The report states the benefits of data classification within the broader context of security and compliance, identifies both the key criteria and limitations of today’s classification tools, and as always, provides expert analysis and guidance. In today’s post, we’ll discuss what we consider to be the key takeaways from the 35-page report.
The role of classification in the data life cycle
Spirion has long advocated that data discovery and data classification go hand in hand: one cannot exist without the other. Data discovery is the process of collecting data from databases and silos and consolidating it into a single source that can be easily and instantly accessed.
Once you have located all of your data, the application of labels, tags, and visual marker classifications help both humans and computers determine its sensitivity and treat it consistently. Such data classifications ensure that only appropriate parties can access sensitive data as it moves through the organization. They also support information sharing with other data protection controls.
The Gartner report stresses, “Understanding the sensitive data estate is a prerequisite for effective security and data privacy compliance. DLP is not sufficient as privacy is more than a data loss problem. Security and risk management technical professionals should use data classification to support these requirements.” They further add, “Data classification capabilities are therefore not only useful; they are often necessary to achieve compliance and make data-centric security controls effective.”
The business cases for classification
Why classify? Admittedly by itself, data classification may not be all that useful. But in concert with a holistic data life cycle, it becomes a key enabler and necessary component for effective data governance and compliance programs.
Gartner explains, “Classification is used to provide insight and either deliver or support control activities. In doing this, it supports a variety of business drivers for data-focused security. The most commonly seen of these drivers that are grounded in security within Gartner inquiry is privacy, which forms the bulk of data security risk for many clients.”
Some of the most common business cases for data classification include:
Classification Policy: The prerequisite first step
There is a critical need to classify data according to organization policy. While there are many schemas that organizations can use for classifying data, for security, there are two key categories:
- Confidential — Sensitive data that, if compromised, could negatively impact operations, including harming the company, its customers, partners, or employees. Examples include vendor contracts, employee reviews and salaries, and customer information.
- Restricted — Highly sensitive corporate data that, if compromised, could put the organization at financial, legal, regulatory, and reputation risk. Examples include customers’ PII, PHI, and credit card information.
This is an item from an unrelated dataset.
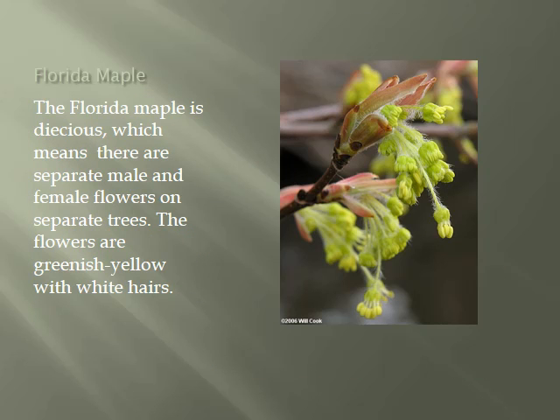The Florida Maple is dioecious, which means there are separate male and female flowers on separate trees. The flowers are greenish yellow with white hairs.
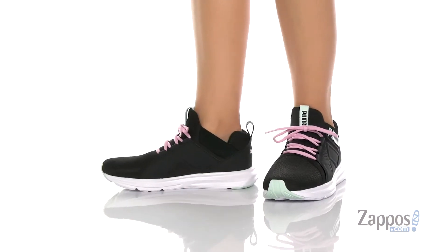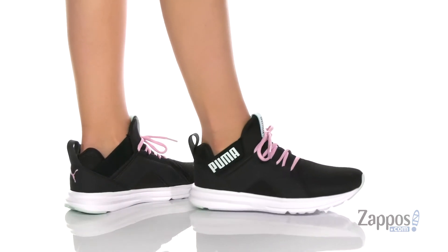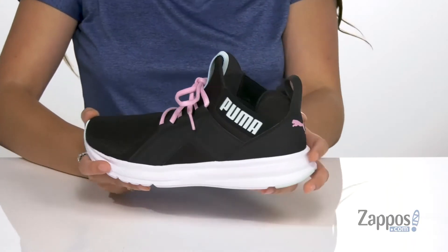These training shoes are crafted with a breathable mesh upper and they're available in a multitude of colorways, but this black is going to match with almost all of your workout gear. I love that they have the Puma logo throughout.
Gartner emphasizes: “Even if you do nothing else, put an information classification policy in place. If it demands that users treat and mark data in a certain way, then you have provided the foundation for user education, technical control and compliance.” They add, “confidentiality labels will form part of an information classification policy, which should be accompanied by a data handling policy, which provide the logical basis for security standards and control requirements. Without such a policy, classification programs are likely to fail as there is no common understanding, classification labels can proliferate, and misclassification will be more frequent.”
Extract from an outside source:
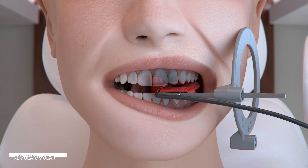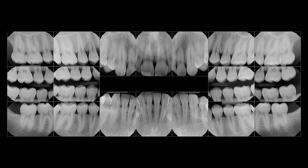This concludes our full mouth series using the DEXIS TI2 sensor. Thank you for watching.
Classification solution landscape
Although there are few sole data classification tools, it is common for classification to span multiple product categories—ranging from Data Access Governance (DAG), Data Loss Prevention (DLP), User-Driven Classification (UDC), and SaaS point solutions.
Let’s look at use cases and tools to consider:
|Use Case||Tools commonly used|
|Immediate control action only, no recording of the classification||DLP|
|Insight into data within SaaS and on-premises environments||DAG, SaaS, File Analysis|
|Insight into data within user endpoints||UDC, DLP|
|Tagging based on user input||UDC, SaaS|
|Automatic tagging||UDC, SaaS, DAG|
Essential classification capabilities
Because data classification is an enabler for other aspects of the data lifecycle—whether triggering other data security controls or imparting strategic insights—it must meet a broad range of capabilities.
Gartner suggests, “In order for classification to work, the following conditions must be met:
They also recommend the following criteria when evaluating classification tools:
Classification technology strengths
Today’s classification tools, which encompass Data Access Governance (DAG), Data Loss Prevention (DLP), User-Driven Classification (UDC), and SaaS point solutions, generally perform well when it comes to the following capabilities:
- Coverage of file types
- Metadata reporting
- Workflow and privacy—specifically, Gartner emphasizes, “As privacy requirements expand globally, vendors are introducing privacy workflow and data subject access request (DSAR) support. These are common themes in most privacy regulations.”
Classification technology weaknesses
These same tools also carry some inherent limitations:
- Data tagging limitations—Gartner states that “tagging has a significant limitation in that it is not possible to tag all data objects. Some file types have room or even formal support for tagging in headers or document properties. However, the vast majority of file types have no such capability or are so limited as to be effectively useless for tagging or other form of labeling.” They also offer the guidance: “If the requirement is to track data across multiple dimensions (for example, internal policy, privacy, health and department), then use file analysis tools for visibility. Use classification tagging tools for policy-dependent control.”
- Classification change—They caution, “classification tools support changing classifications. But automated tools are not good at automatic reclassification based on external conditions rather than changes in content.” They advise, “focus on data that might leave the company rather than moving internally, except where internal sharing would be absolutely unacceptable. Keep your most restrictive classification label reserved for exceptional rather than common use cases.”
- Encrypted data—encryption often interferes with the detection of data. Gartner recommends as a best practice: “The safest classification approach is to treat individual encrypted files that cannot be accessed by the classification tool as sensitive and use controls to prevent their movement or access.” They further add, “the best approach for any unreadable file is to use the discovery of these files to support a review of the business process and sensitive data handling.”
Data classification trends
There are several data classification technology trends. Among them are automated classification tools, the rise of machine learning and artificial intelligence, and privacy workflows.
Gartner provides the following recommendations for technical professionals responsible for data security:
- “Ensure that a data classification policy is in place as it is the root of data security governance. It provides clarity and authority, supports control standards and underpins user awareness efforts.
- Align your security classification with any broader data governance programs. It is easy to confuse users and create technical complexity and possibly conflict. Focus on high-risk and high-value data, especially regulated data, to support such alignment.
- Use automated data classification to provide users with a baseline and you with insight. User classification is less expensive, but harder to introduce. Use both together for best results.
- Aim for “good enough” solutions, recognizing that the automated technology has limits in precision. Phase your implementation carefully to avoid diminishing returns.
- Use at least two labels. Sensitivity and either “owner” or “project/department.” Identify where the tag is to be used and provide only enough information to allow that control to work correctly.”
Redefining automated data classification
Automating data classification overcomes many of the limitations by making the process reliable, accurate, and continuous (aka, persistent). A sophisticated platform, such as Spirion Data Privacy Manager, can spot personal information by looking for data patterns, such as names, dates of birth, addresses, phone numbers, financial information, health information, and social security numbers. Importantly, automated systems can also re-classify data as needed, such as for updates and changes within the business or from changes in compliance regulations.
Every organization should assess the data classification automation options available in the marketplace and determine which solution can provide them with the capabilities they need to take their data privacy protection to the next level. Ideally, organizations should choose a platform that is purpose-built to deliver the key functions of deploying robust data privacy programs. The right automation system can aid in streamlining data classification, automatically analyzing and categorizing data based on pre-determined parameters continually and in real-time.